**** DATA RECORDS ****
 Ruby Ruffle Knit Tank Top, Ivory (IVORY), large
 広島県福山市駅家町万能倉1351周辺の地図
****
**** DATA RECORDS ****
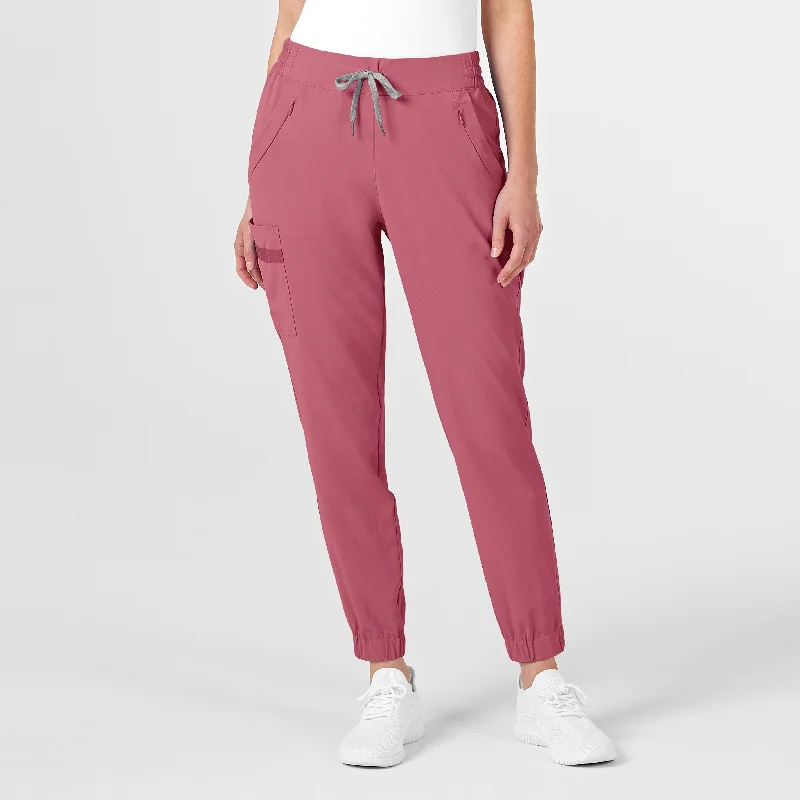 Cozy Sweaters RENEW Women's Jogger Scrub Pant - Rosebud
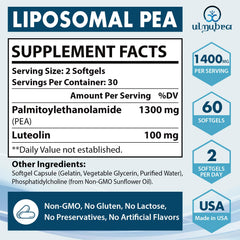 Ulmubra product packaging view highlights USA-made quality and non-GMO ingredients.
****
**TASK PROMPT**
The entries above hold the needed span. Transcribe exactly the lines from the one with "Ruby Ruffle Knit" to the one with "広島県福山市駅家町万能倉1351周辺の地図", both included.

**PROBLEM SOLUTION**
 Ruby Ruffle Knit Tank Top, Ivory (IVORY), large
 広島県福山市駅家町万能倉1351周辺の地図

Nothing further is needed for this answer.